By definition, a billionaire is a person possessing assets worth at least a billion pounds or dollars. However, this definition doesn’t mention the aftermath of owning and using these amazing assets. The Guardian published an article highlighting an analysis by Oxfam and US researchers on twelve of the world’s wealthiest billionaires. According to their findings, this group of tycoons, including Amazon co-founder Jeff Bezos, Russian oligarch Roman Abramovich, Bill Gates, Larry Page, Michael Dell, Elon Musk, and Mexican business magnate Carlos Slim, among others, produces more greenhouse gas emissions than the annual energy emissions of 2 million homes.
It’s no secret that the bigwigs of the business world own the largest and most impressive yachts, private jets, and mansions. The largest privately owned sailing yacht in the world, centibillionaire Jeff Bezos’s Koru, is a $500 million masterpiece with equally jaw-dropping carbon emissions. According to an analysis by Wilk and Barroz, the vessel will still emit 7,154 tons of CO2 a year. With the extensive cruising / sailing the newly engaged couple is doing we are certain the footprint will be even more. To put it in perspective, according to the IEA an average person has a carbon footprint 4.7 tonnes of CO2 which makes the Koru responsible for CO2 emissions of more than 1,500 persons.
Lauren Sánchez even tried to justify Koru’s carbon footprint and her own with her environmental work. Speaking to Vogue, she said, “I think Jeff and I really are focusing on the long-term commitment to climate, and we’re extremely optimistic about it. Ten billion is just the beginning.” She stated they use green aviation fuel when possible and that Koru can sail using only wind power. “We’ve done it, and it is magical.” The reality, however, is hardly this simple. For the lack of a helipad on the half-a-billion-dollar schooner, Sanchez’s fiance Bezos, who is also the third-richest man in the world worth $167.8 billion, commissioned a shadow vessel, Abeona, to follow the mothership with every essential toy, tender, and of course, a chopper for Lauren to pilot in and out from.
The Koru, which is 417-foot-long, took three years to build, is the largest sailing vessel, with triple masts reaching 230 feet. Despite using wind power thanks to its massive sails, the schooner also relies on 2 MTU engines for propulsion when the sails are not deployed. The Oceanco ship is not a zero-emission superyacht and produces environment-damaging air pollutants as any other vessel of its size when powered by its diesel engines.
“Billionaires generate obscene amounts of carbon pollution with their yachts and private jets – but this is dwarfed by the pollution caused by their investments,” said Oxfam International’s inequality policy adviser, Alex Maitland. “Through the corporations they own, billionaires emit a million times more carbon than the average person. They tend to favor investments in heavily polluting industries, like fossil fuels.

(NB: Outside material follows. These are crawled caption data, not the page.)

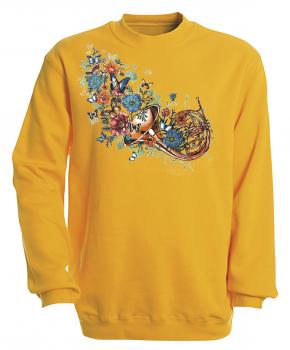 Sweatshirt mit Print - Trompete - S10283 - versch. farben zur Wahl - Gr. gelb / XL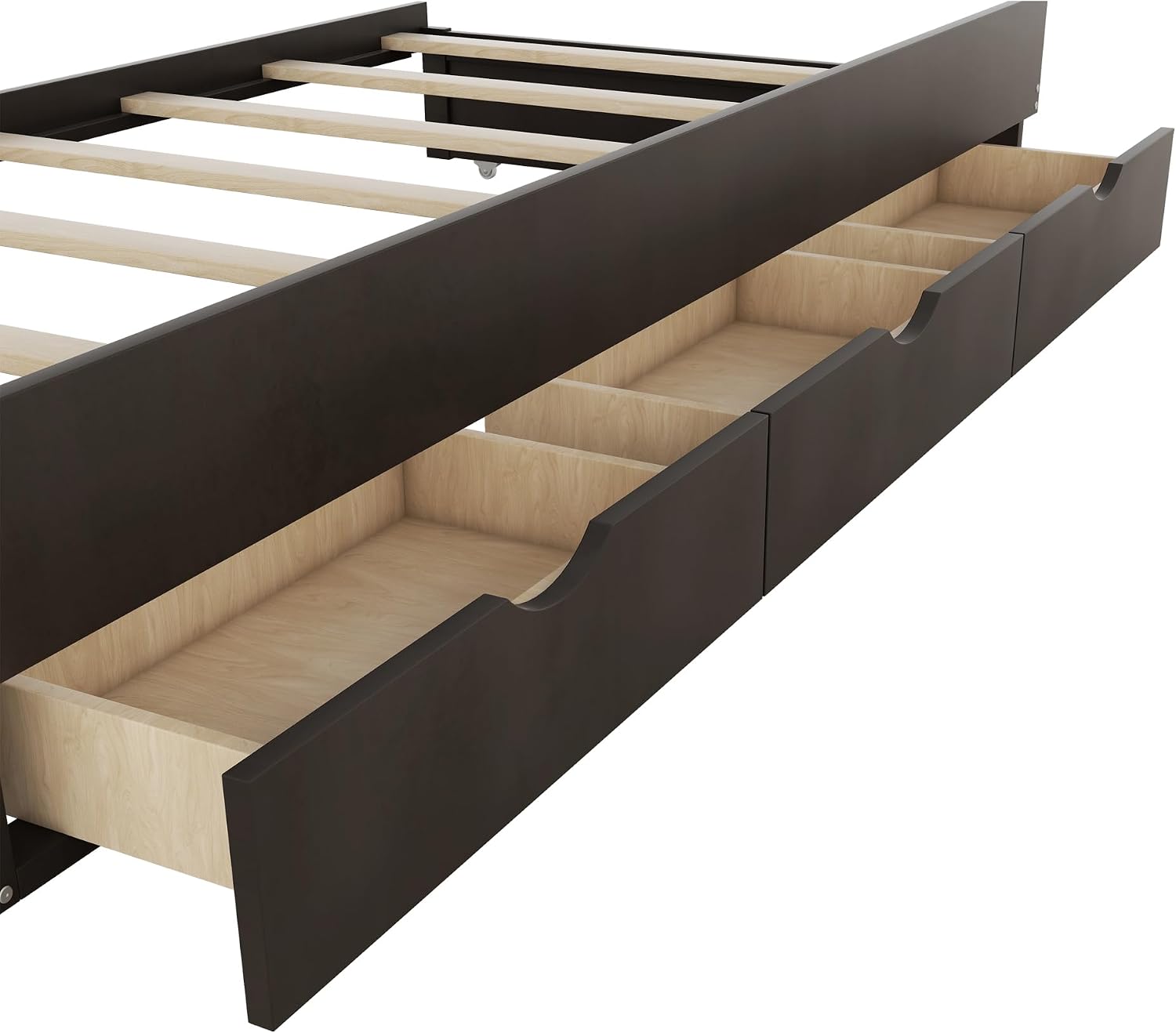 VilroCaz Modern Multi-Function Full Size Platform Bed with Trundle and 3 Drawers, Wood Captain Platform Bed Frame with Storage Headboard and Night Light, Maximized Space (Brown-H1, Full)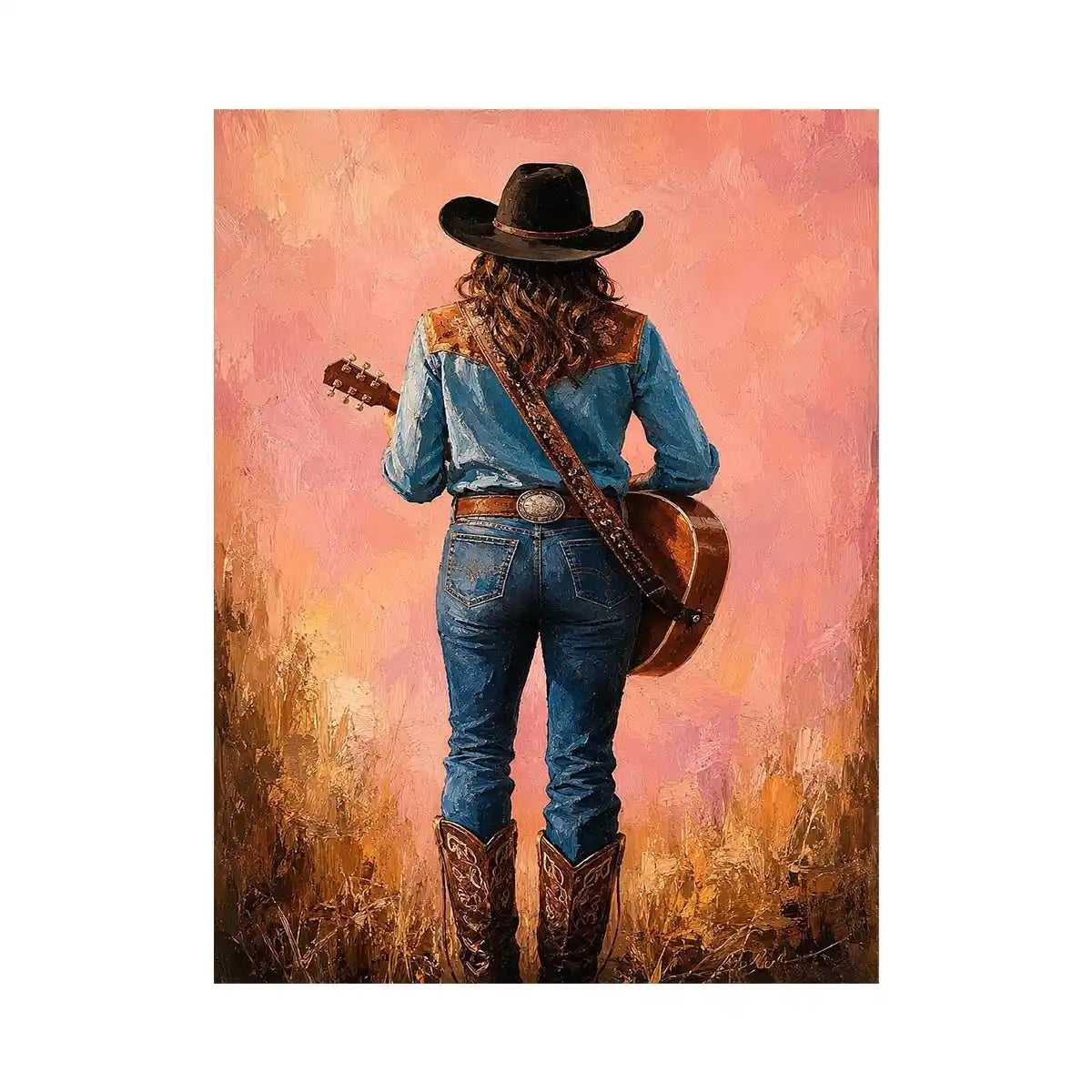 Western cowgirl with guitar canvas art in soft pink tones for bedroom decor.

The world’s poorest communities, those who have done the least to cause climate change and are least able to respond and recover, suffer the worst consequences. This is unfair and immoral.”
Even at the time of writing, the humongous sailing yacht is en route on a 4,000 mile journey from Gibraltar to the Americas and has currently gone dark somewhere in West Africa.

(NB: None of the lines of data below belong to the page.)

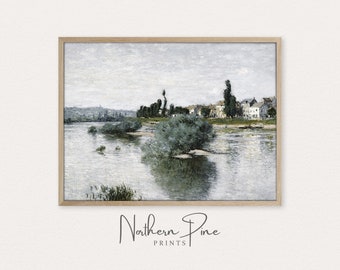 impression vintage de la Seine | Tableau européen rustique | Art mural parisien | Décoration champêtre française | Paysage parisien | Téléchargement d'oeuvres d'art imprimables
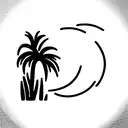 palm trees half moon waterfall tattoo design idea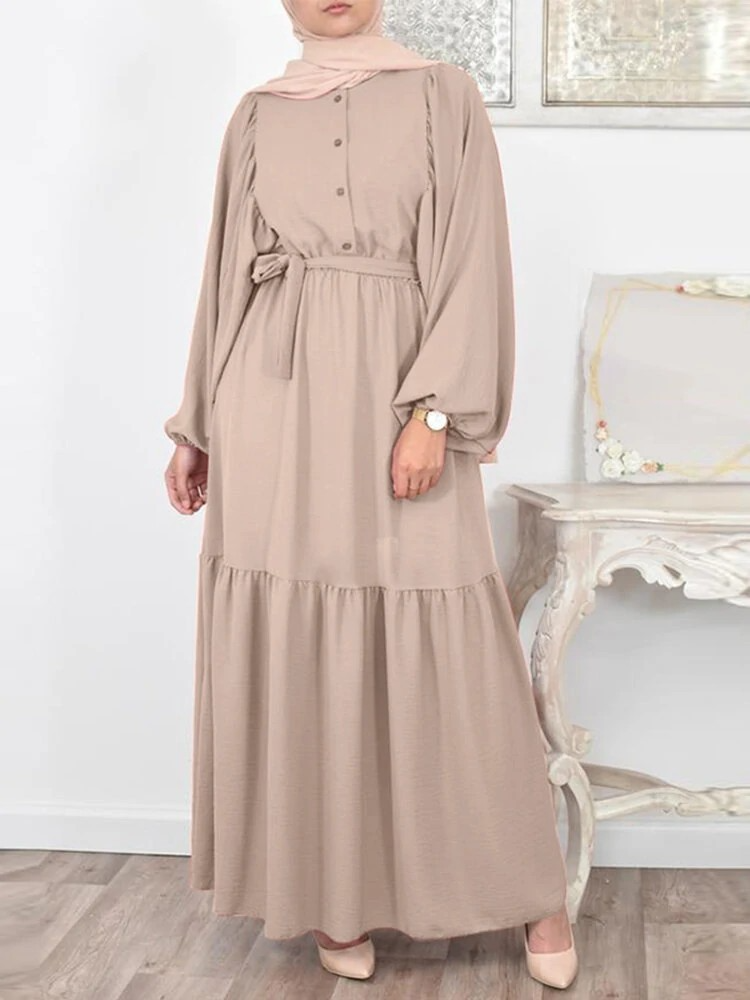 Solid Colour Puff Sleeve Maxi Dress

Koru megayacht sails with a $75 million shadow vessel, Abeona –
The Koru megayacht alone pollutes as much as 1,521 people or 450 Americans annually. This figure doesn’t even include the pollution caused by its $75 million support vessel, Abeona. The shadow vessel, trailing the massive 417-footer, comes with an arsenal of toys and tenders, including a helicopter for Bezos’s flying enthusiast fiancée Lauren Sanchez. The 246-foot Damen yachting vessel is powered by a pair of 16-cylinder diesel MTU engines producing 3,046hp at 1800rpm, along with harmful emissions.
Abeona carries several jet skis, speedboats, and personal submarines, which have likely been used extensively as the billionaire couple have been cruising the Mediterranean for months at a time since acquiring this floating asset in May 2023. The American tycoon journeyed from the Balearic Islands to Cannes, Saint-Tropez, Capri, Sardinia, Portofino, and the Baltic countries in less than six months.
This underscores why the world’s top 1% of emitters produce over 1,000 times more CO2 than the bottom 1%. According to iea.org, the global average energy-related carbon footprint is around 4.7 tonnes of CO2 per person. The disparity in wealth between billionaires and laypeople is starkly mirrored in their carbon footprints as well.